Football season in England

The 2026–27 Premier League is the 35th season of the Premier League and the 128th season of top-flight English football overall. The season began on 21 August 2026 and is scheduled to conclude on 30 May 2027. The full list of fixtures was released at 10:00 BST on 19 June 2026.

The 2026–27 season consists of 33 weekend and five midweek rounds of matches. The summer transfer window opened on 15 June 2026 and closed at 23:00 BST on 1 September 2026. The winter transfer window will open on 1 January 2027 and close at 23:00 GMT on 1 February 2027.

Arsenal are the defending champions.

==Summary==
===Developments===
This season saw the usual opening fixtures and final matchweek postponed by one week due to the 2026 FIFA World Cup taking place during the off-season. The fixtures were published at 10:00 BST on 19 June 2026.

The previous calendar of five international breaks during the season will be reduced to four, with a three week international break between late September and early October occurring for the first time.

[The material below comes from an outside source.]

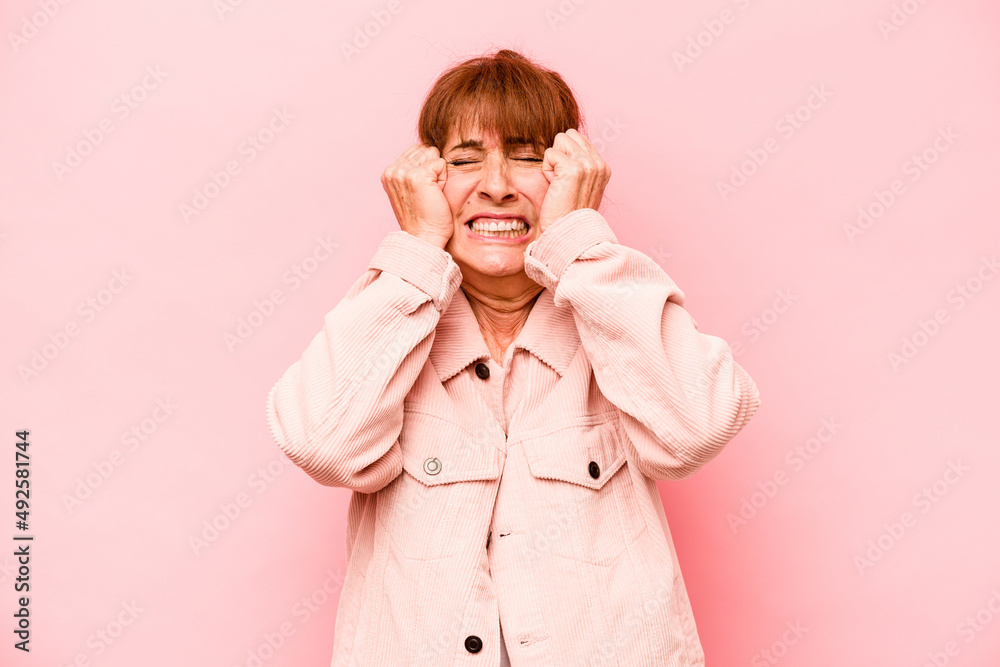Middle age caucasian woman isolated on pink background crying, unhappy with something, agony and confusion concept. Middle age caucasian woman isolated on pink background crying, unhappy with something, agony and confusion concept.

During the late September-early October international break, it was reported that Manchester City were found guilty of 114 charges related to breaching the Premier League's financial regulations between 2009 and 2018.

The Premier League implemented a ban on gambling sponsors appearing on the front of match day shirts from the 2026–27 season. This initiative aims to reduce the visibility of betting brands, following pressure regarding gambling normalisation, though betting companies can still sponsor sleeves, training kits, LED signs, and other club partnerships.

==Teams==
Twenty teams will compete in the league – the top seventeen teams from the previous season and the three teams promoted from the Championship. The promoted teams are Coventry City, Ipswich Town and Hull City, returning to the top flight after absences of twenty-five, one and nine years respectively. They replaced West Ham United, Burnley and Wolverhampton Wanderers, who were relegated to the Championship after fourteen, one and eight years in the top flight respectively.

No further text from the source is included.